Repeat the lines of the data exactly and exclude any picture among them.
(Beginning of GIVEN DATA)
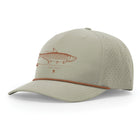 Tarpon Performance Rope Hat - Grey/Brown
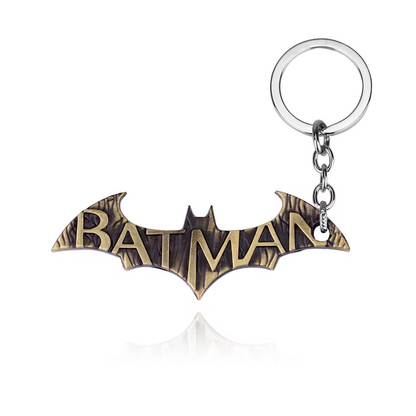 Batman Darts Metal Keychains Cosplay Props Film Television Works Peripheral Gifts Men Women Backpack Jewelry Accessories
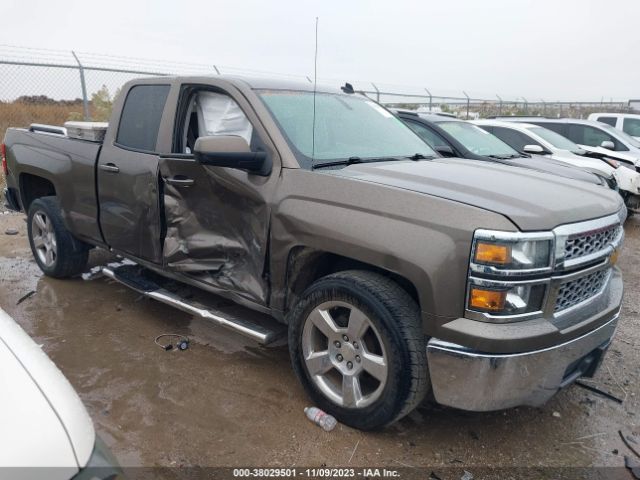 CHEVROLET SILVERADO 1500 2014 1gcrcrec5ez254778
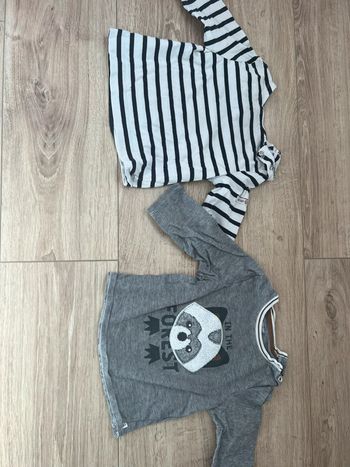 Lot tshirts 12 mois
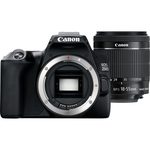Canon EOS 250D 24.0Mpx/24.1Mpx SLR beli/crni/plavi/srebrni digitalni fotoaparat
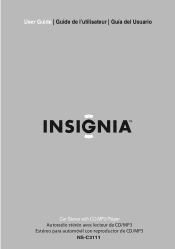 Insignia NS-C3111 User Manual (English)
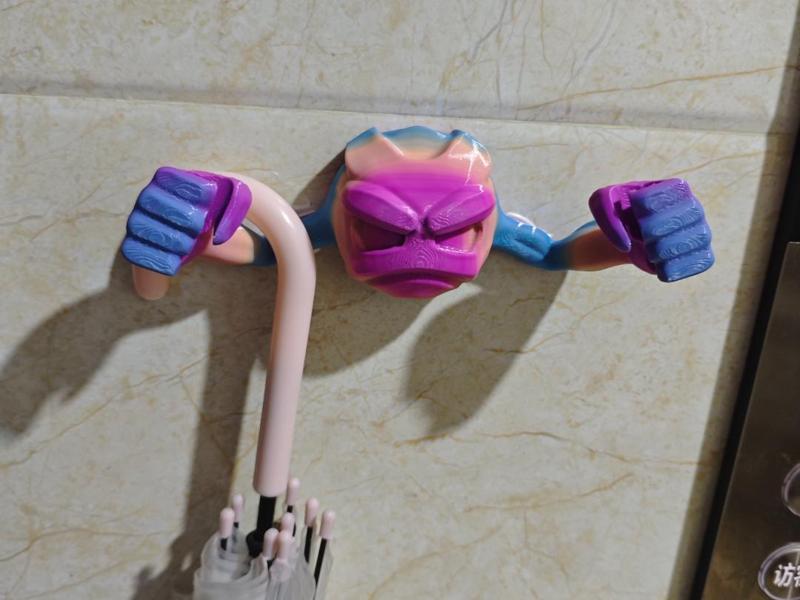 Angry Stone Golem Hook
(End of GIVEN DATA)
• _EXERCISE RESPONSE_
 Tarpon Performance Rope Hat - Grey/Brown
 Batman Darts Metal Keychains Cosplay Props Film Television Works Peripheral Gifts Men Women Backpack Jewelry Accessories
 CHEVROLET SILVERADO 1500 2014 1gcrcrec5ez254778
 Lot tshirts 12 mois
Canon EOS 250D 24.0Mpx/24.1Mpx SLR beli/crni/plavi/srebrni digitalni fotoaparat
 Insignia NS-C3111 User Manual (English)
 Angry Stone Golem Hook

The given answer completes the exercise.